The International Space Station (ISS) installed NRL’s Limb-Imaging Ionospheric and Thermospheric Extreme Ultraviolet (UV) Spectrograph (LITES), and Global Positioning System (GPS) Radio Occultation and Ultraviolet Photometer Co-located (GROUP-C) research instruments Feb 28.
The payload was delivered via SpaceX’s FALCON 9 rocket Feb. 17, and later retrieved by a robotic-arm aboard the ISS. After several days of installation, payload managers and the DoD Space Test Program successfully performed tests to confirm the instruments functioned properly.
GROUP-C and LITES are mounted on the DoD Space Test Program's (STP) STP-H5 platform. The STP Houston branch built and managed the platform, which enables mounting experiments outside the ISS and provides power and communications to those experiments.
“When we successfully received the first telemetry at NRL from our sensors aboard the ISS, I felt immediate relief that our instruments survived the ride to space and were functioning, followed by pride that the years of hard work by our capable experiment team had paid off,” said Dr. Andrew Stephan, lead investigator of LITES.
Operation of GROUP-C and LITES have gone according to plan, and show no signs of mission deviation. LITES has a detector sensitive to humidity, protected by a sealed door and under vacuum while on the ground. After LITES sensor arrived in space the door was opened with an electrical signal to a pin-puller, freeing the detector for utilization.
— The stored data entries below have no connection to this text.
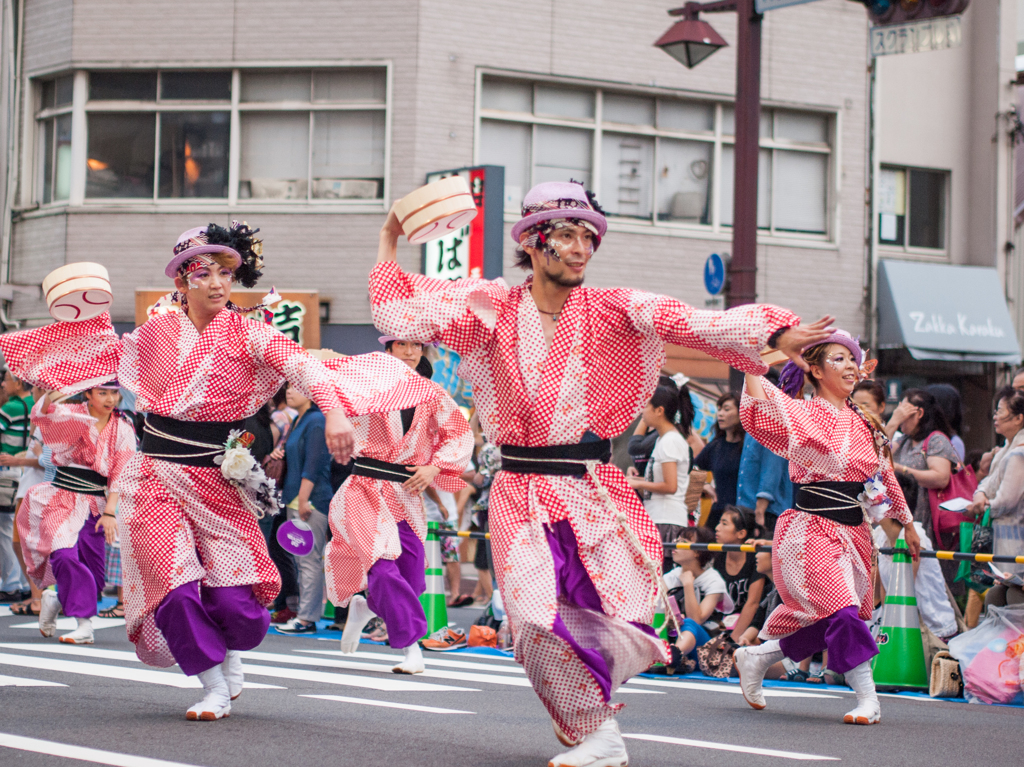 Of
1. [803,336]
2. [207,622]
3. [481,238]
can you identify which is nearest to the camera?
[803,336]

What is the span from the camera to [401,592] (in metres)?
8.06

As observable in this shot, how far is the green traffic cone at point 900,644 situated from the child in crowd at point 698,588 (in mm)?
1144

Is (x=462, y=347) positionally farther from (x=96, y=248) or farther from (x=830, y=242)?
(x=830, y=242)

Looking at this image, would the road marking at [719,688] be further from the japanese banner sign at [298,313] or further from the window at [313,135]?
the window at [313,135]

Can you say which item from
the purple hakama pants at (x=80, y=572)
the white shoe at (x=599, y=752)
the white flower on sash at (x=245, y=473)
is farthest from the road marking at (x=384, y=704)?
the purple hakama pants at (x=80, y=572)

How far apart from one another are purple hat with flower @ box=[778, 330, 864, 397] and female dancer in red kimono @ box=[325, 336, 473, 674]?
199 cm

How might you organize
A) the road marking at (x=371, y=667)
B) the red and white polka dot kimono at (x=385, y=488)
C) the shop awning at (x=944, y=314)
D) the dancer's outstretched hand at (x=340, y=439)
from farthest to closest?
the shop awning at (x=944, y=314) → the red and white polka dot kimono at (x=385, y=488) → the road marking at (x=371, y=667) → the dancer's outstretched hand at (x=340, y=439)

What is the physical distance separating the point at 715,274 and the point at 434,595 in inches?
153

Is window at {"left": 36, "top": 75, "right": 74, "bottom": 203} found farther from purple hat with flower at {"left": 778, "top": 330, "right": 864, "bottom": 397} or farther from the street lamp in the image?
purple hat with flower at {"left": 778, "top": 330, "right": 864, "bottom": 397}

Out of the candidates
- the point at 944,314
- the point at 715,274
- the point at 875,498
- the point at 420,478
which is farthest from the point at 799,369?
the point at 944,314

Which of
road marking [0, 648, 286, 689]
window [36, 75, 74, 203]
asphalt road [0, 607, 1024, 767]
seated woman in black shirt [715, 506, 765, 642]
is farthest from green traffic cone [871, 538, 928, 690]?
window [36, 75, 74, 203]

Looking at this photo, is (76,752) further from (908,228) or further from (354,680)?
(908,228)

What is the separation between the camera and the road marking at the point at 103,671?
6.90 metres

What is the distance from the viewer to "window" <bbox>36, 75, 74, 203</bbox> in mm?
17484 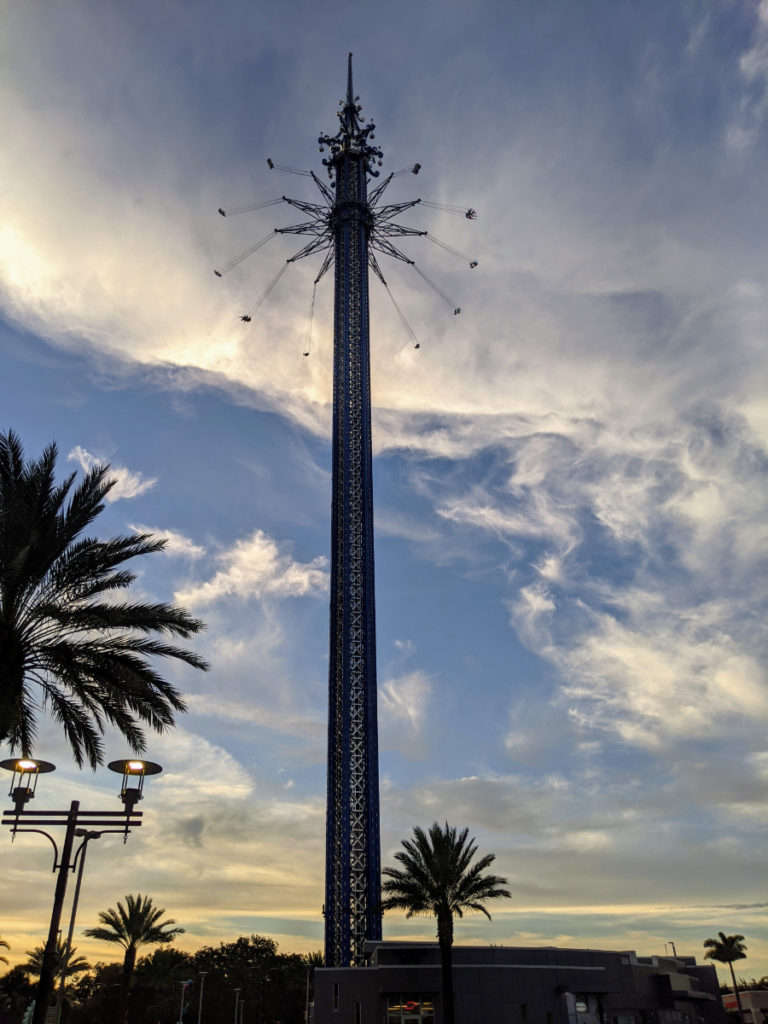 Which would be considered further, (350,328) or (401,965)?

Stephan and lead investigator of GROUP-C, Dr. Scott Budzien, are extremely confident in the capabilities of their experiments.
“We can complete our primary objective to demonstrate these sensors and measurement techniques well within a year,” said Budzein. “But the longer we operate, the better chance we have of seeing scientifically interesting events in the space environment, helping us answer questions about the modes of variation in the ionosphere.”
According to Stephan and Budzien, If the experiments operate at their full duration of two-years, they will have a chance to co-operate with two major NASA missions: the Ionospheric Connection Explorer (ICON) and the Global-Scale Observations of the Limb and Disk (GOLD), both anticipated to launch this year.